* _INFORMATION GIVEN_
============================================================
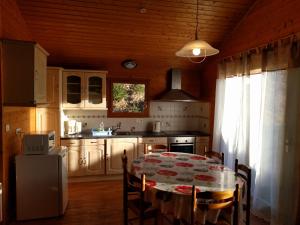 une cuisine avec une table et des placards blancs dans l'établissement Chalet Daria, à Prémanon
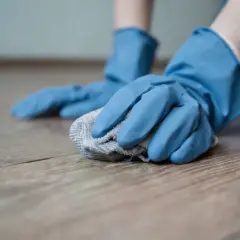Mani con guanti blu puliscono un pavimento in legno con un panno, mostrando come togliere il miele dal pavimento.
============================================================
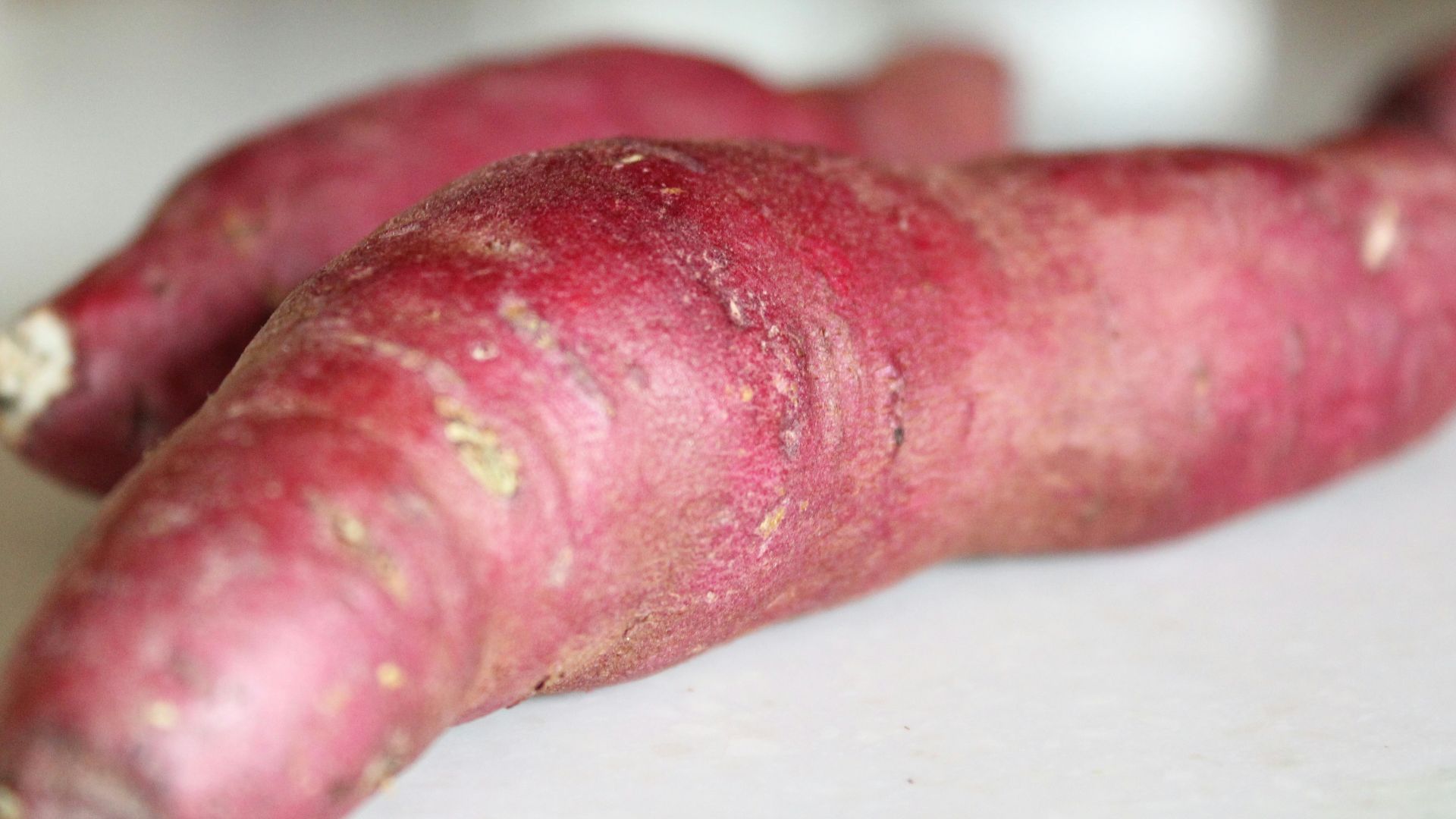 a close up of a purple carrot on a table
============================================================
* _WHAT YOU SHOULD DO_
Above is the material; set down exactly its lines from the one containing "une cuisine avec" down to the one containing "Mani con guanti", both included, leaving out any pictures.

* _ANSWER SPACE_
 une cuisine avec une table et des placards blancs dans l'établissement Chalet Daria, à Prémanon
Mani con guanti blu puliscono un pavimento in legno con un panno, mostrando come togliere il miele dal pavimento.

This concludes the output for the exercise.